» **Task goal**:
Leave out every picture, then transcribe the rest of the listing exactly.

──────── Source material ────────

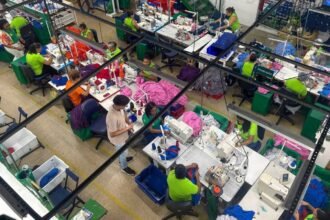 Produção industrial avança mas expectativa da demanda atinge menor nível para novembro na última década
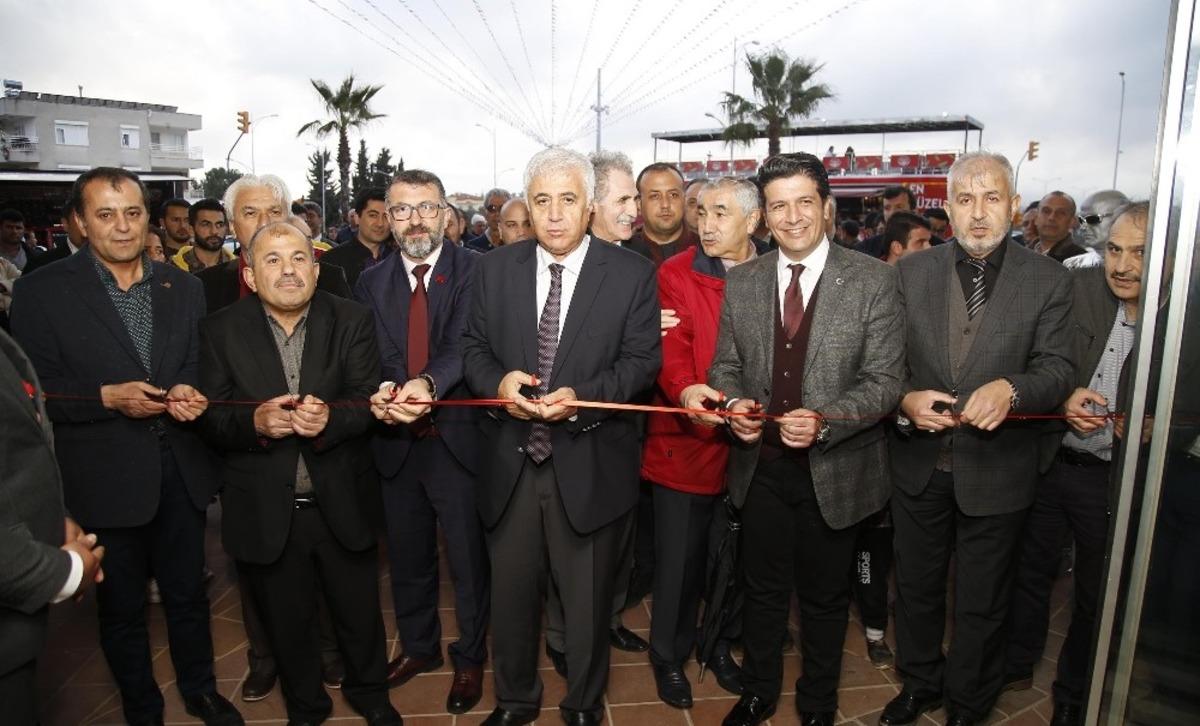 D&ouml;şemealtı&rsquo;nın ilk AVM&rsquo;si kapılarını a&ccedil;tı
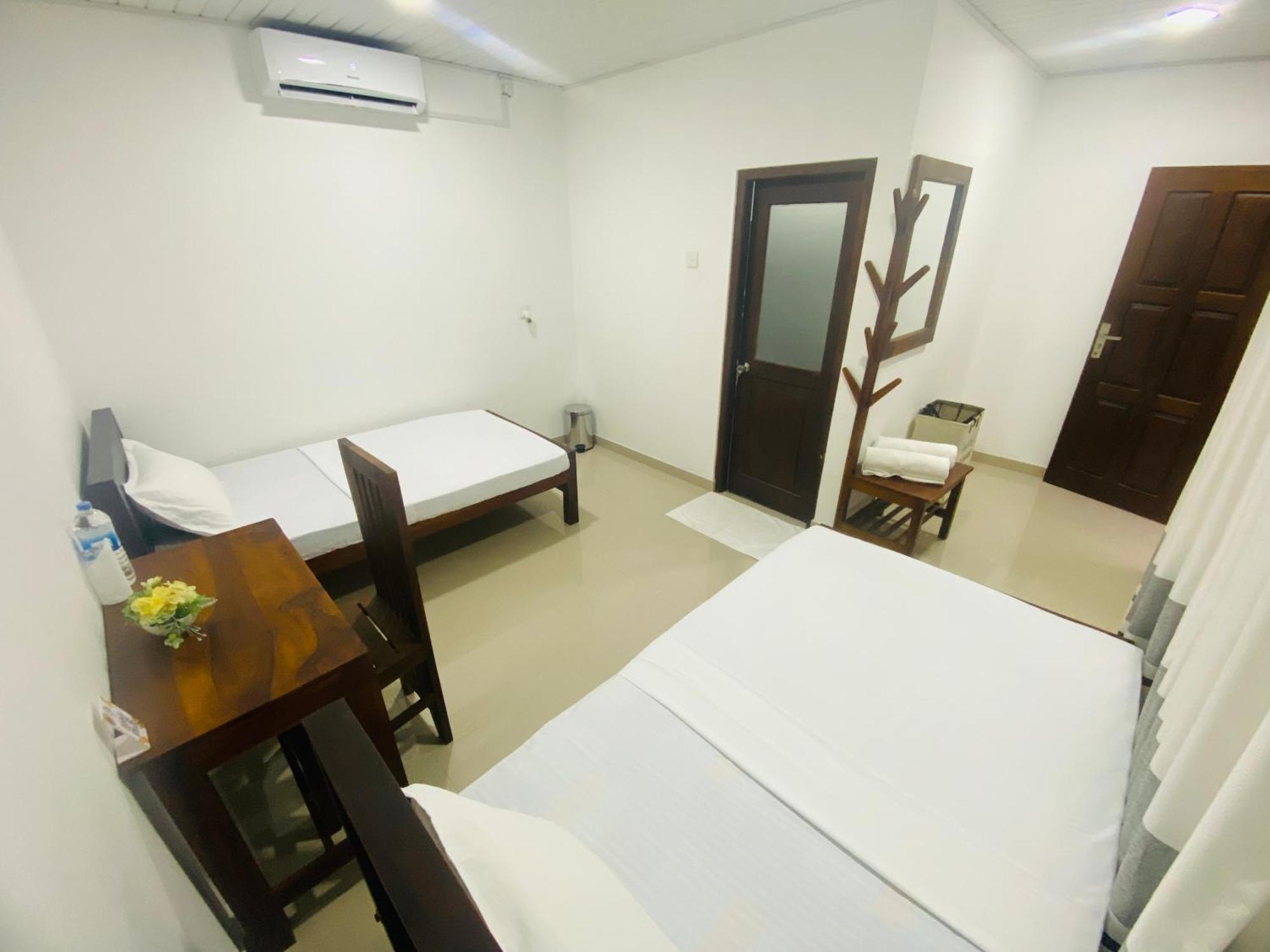 Premium Cottages B&B Kurunegala Exteriör bild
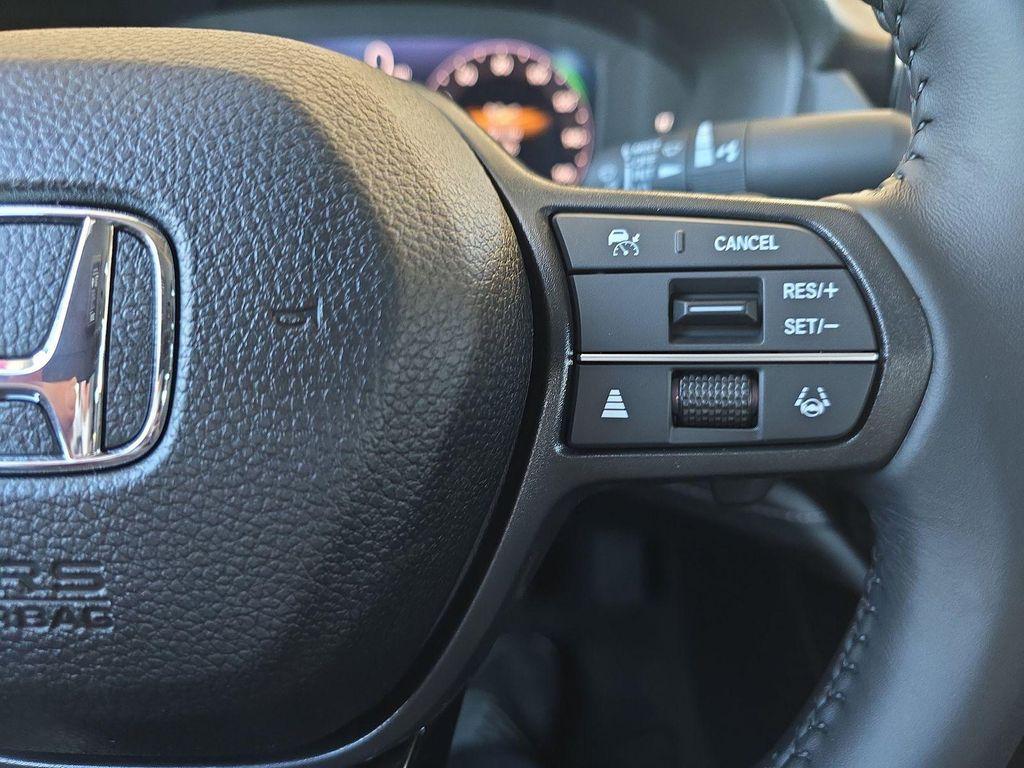 new 2025 Honda Accord Hybrid car, priced at $35,412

────────

» **Output below**:
 Produção industrial avança mas expectativa da demanda atinge menor nível para novembro na última década
 D&ouml;şemealtı&rsquo;nın ilk AVM&rsquo;si kapılarını a&ccedil;tı
 Premium Cottages B&B Kurunegala Exteriör bild
 new 2025 Honda Accord Hybrid car, priced at $35,412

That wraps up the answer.